Posts from July 2004

End of the Universe

Oh, and here's a great line from the Dyson talk during the audience Question & Answer—

Guy: What are your thoughts on the end of the universe?
Freeman: It's not looking good.

OSCON, Thursday

I spent all day yesterday at OSCON in Portland. The day started with a keynote by Freeman Dyson and his son George Dyson (moderated by Tim O'Reilly).

Freeman Dyson on screen

One of the things that struck me from the conversation was the idea of the "domestication" of technology. Freeman felt that the failure of nuclear technology was in part due to the fact that you can't have a small nuclear project. In other words, you can't run down to Radio Shack and pick up a fission kit and power your home projects with nuclear energy—it's solely the domain of large projects. By contrast, biotechnology is becoming domesticated. Freeman mentioned plant and animal gene-splicing kits for backyard breeders that are only a few years away.
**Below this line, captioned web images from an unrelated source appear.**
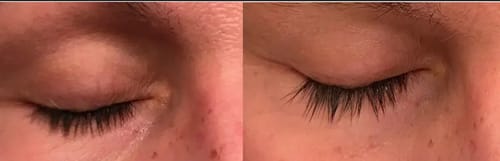 Customer photo review of Toplash eyelash and eyebrow growth serum — 3ml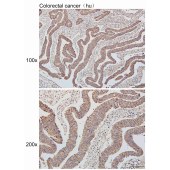 Solarbio K110503P Anti-SQLE Polyclonal Antibody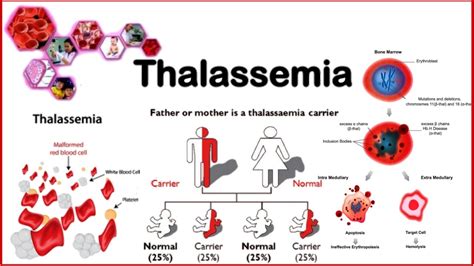 What Is Thalassemia Eduindex News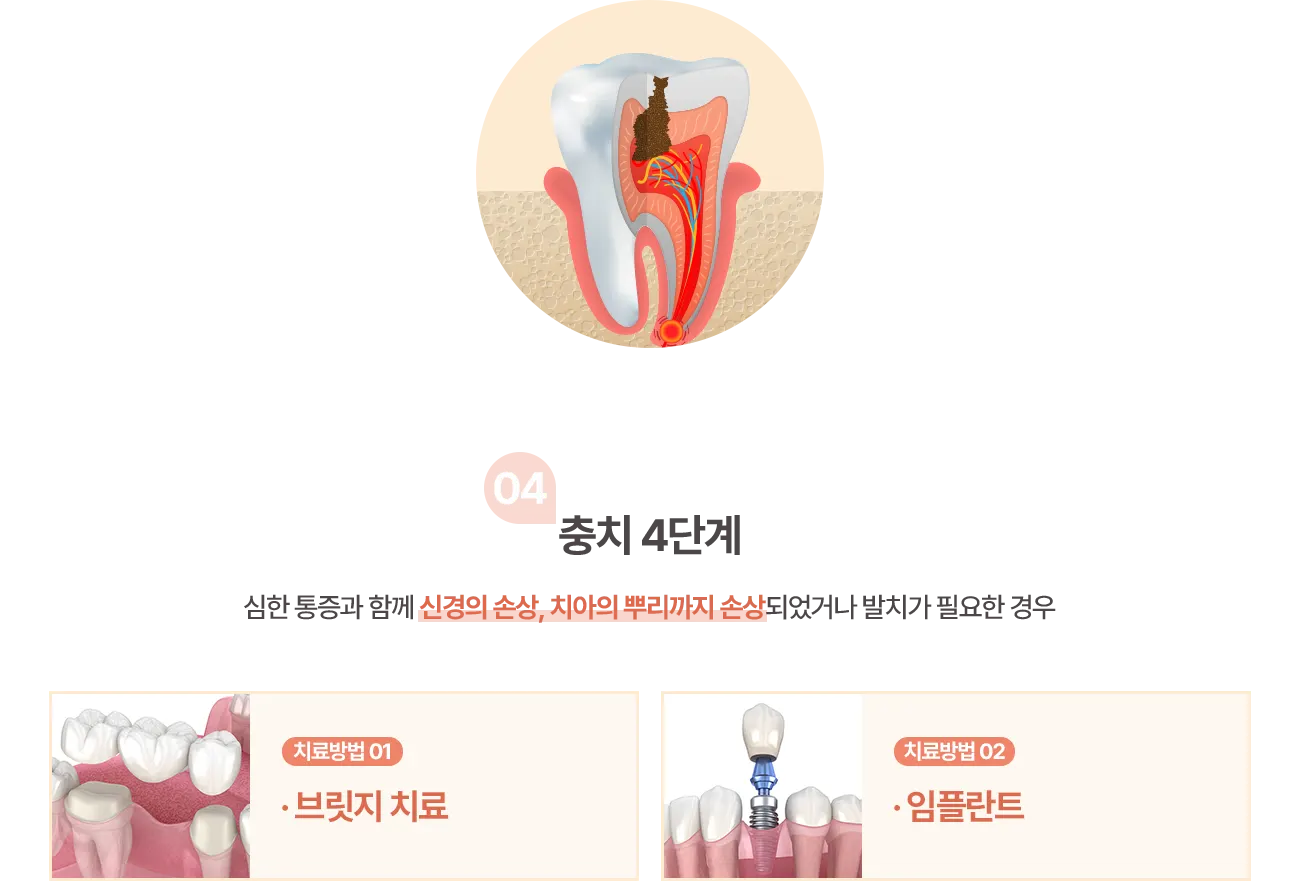 충치 4단계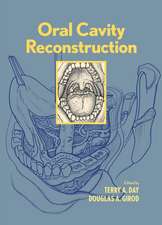 Oral Cavity Reconstruction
He mentioned a future children's game where kids compete to see who can grow the prickliest cactus, and the fact that DNA synthesizers—while currently outrageously expensive—are coming down in price. What I took away from this is that decentralization and adoption by a wide number of people is a key attribute if a technology is ultimately going to be successful.

There were a lot of other good elements in the talk, and they did discuss the dangers and unintended consequences related to new technology. Though Freeman said luck would prevent catastrophe, as it always does. (hmm.)

ora screen

For the rest of the day I was on the O'Reilly-track. I saw a preview of their new magazine, Make, which looks fantastic. It's produced by Dale Dougherty and edited by boingboing pioneer Mark Frauenfelder who were both on hand to describe it. One of the first feature articles is how to build your own kite photography rig. Dale mentioned the inspiration for the magazine came when he realized there was no Martha Stewart for tech geeks.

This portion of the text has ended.